Document Type

Conference Paper


Available under a Creative Commons Attribution Non-Commercial Share Alike 4.0 International Licence


1.2 COMPUTER AND INFORMATION SCIENCE, Computer Sciences, Information Science, Ethics

Publication Details

ICDS 2021: The 15th International Conference on Digital Society, Nice, France, 18th – 22nd, July 2021 (online)


In the theories of User Interfaces (UI) and User Experience (UX), the goal is generally to help understand the needs of users and how software can be best configured to optimize how the users can interact with it by removing any unnecessary barriers. However, some systems are designed to make people unwillingly agree to share more data than they intend to, or to spend more money than they plan to, using deception or other psychological nudges. User Interface experts have categorized a number of these tricks that are commonly used and have called them Dark Patterns. Dark Patterns are varied in their form and what they do, and the goal of this research is to design and develop a framework for automated detection of potential instances of web-based dark patterns. To achieve this we explore each of the many canonical dark patterns and identify whether or not it is technically possible to automatically detect that particular pattern.

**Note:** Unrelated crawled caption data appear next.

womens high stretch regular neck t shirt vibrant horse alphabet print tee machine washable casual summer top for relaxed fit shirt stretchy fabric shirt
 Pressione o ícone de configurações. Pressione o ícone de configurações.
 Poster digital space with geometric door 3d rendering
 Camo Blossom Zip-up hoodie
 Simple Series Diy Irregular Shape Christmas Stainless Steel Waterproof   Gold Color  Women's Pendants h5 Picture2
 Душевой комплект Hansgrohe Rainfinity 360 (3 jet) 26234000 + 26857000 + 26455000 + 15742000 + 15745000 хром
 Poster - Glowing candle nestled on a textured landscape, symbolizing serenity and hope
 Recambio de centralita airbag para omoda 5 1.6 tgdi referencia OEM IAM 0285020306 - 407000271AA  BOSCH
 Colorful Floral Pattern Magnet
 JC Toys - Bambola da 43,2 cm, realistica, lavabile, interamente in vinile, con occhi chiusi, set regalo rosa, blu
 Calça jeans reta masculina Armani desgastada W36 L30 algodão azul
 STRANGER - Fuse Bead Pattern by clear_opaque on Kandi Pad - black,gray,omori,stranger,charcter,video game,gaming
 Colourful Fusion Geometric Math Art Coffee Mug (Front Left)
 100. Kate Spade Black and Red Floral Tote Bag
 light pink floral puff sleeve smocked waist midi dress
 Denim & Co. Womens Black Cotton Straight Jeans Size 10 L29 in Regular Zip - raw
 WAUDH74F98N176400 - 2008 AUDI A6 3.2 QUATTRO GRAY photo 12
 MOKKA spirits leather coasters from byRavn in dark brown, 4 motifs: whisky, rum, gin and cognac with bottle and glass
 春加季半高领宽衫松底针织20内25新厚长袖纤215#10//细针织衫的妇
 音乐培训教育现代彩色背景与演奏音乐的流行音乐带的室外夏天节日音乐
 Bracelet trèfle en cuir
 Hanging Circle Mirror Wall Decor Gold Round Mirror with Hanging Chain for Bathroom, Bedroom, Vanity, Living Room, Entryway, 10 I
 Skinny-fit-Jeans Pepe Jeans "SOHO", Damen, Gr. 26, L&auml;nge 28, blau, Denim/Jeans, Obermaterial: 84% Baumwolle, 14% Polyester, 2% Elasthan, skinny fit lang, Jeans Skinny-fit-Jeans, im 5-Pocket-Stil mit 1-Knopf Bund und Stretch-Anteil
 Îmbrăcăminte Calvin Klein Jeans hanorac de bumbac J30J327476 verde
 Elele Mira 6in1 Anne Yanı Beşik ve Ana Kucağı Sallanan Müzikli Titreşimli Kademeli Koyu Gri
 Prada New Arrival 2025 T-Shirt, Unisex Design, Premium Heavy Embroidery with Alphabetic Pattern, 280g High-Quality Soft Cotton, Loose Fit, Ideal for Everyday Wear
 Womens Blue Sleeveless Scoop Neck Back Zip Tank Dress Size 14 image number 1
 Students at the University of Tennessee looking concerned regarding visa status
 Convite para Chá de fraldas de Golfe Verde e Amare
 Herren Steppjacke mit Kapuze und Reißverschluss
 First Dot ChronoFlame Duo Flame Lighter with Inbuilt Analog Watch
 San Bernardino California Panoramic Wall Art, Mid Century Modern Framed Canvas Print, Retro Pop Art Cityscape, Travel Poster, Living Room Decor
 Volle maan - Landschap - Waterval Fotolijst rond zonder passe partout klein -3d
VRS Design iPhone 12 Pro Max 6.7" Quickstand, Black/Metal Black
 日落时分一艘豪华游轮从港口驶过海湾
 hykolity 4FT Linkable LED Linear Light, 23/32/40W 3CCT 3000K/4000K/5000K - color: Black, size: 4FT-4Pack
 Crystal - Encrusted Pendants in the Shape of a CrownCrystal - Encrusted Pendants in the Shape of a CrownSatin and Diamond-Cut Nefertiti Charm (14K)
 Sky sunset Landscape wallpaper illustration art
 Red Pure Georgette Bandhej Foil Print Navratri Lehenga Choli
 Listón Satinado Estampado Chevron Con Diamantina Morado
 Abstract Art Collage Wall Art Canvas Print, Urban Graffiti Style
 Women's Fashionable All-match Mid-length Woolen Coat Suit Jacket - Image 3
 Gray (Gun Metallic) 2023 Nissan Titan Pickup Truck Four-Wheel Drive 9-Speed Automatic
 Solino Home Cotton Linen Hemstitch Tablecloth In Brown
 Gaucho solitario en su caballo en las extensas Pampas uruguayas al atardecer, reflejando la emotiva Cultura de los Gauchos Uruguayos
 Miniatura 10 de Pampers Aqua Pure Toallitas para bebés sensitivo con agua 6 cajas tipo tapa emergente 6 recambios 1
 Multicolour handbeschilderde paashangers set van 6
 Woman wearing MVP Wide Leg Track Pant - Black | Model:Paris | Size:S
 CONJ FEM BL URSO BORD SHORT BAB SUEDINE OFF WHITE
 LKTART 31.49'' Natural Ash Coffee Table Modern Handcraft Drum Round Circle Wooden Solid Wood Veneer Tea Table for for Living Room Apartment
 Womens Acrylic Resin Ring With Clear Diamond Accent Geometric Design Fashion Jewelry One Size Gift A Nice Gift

Some patterns are easier to detect than others, and there others that are impossible to detect in an automated fashion. For example, some patterns are straightforward and use confusing terminology to flummox the users, e.g. “Click here if you do not wish to opt out of our mailing list”, and these are reasonably simple to detect, whereas others, for example, sites that prevent users from doing a price comparison with similar products might not be readily detectable. This paper presents a framework to automatically detect dark patterns. We present and analyze known dark patterns in terms of whether they can be: (1) detected in an automated way (either partially or fully), (2) detected in a manual way (either partially or fully) and (3) cannot be detected at all. We present the results of our analysis and outline a proposed software tool to detect dark patterns on websites, social media platforms and mobile applications.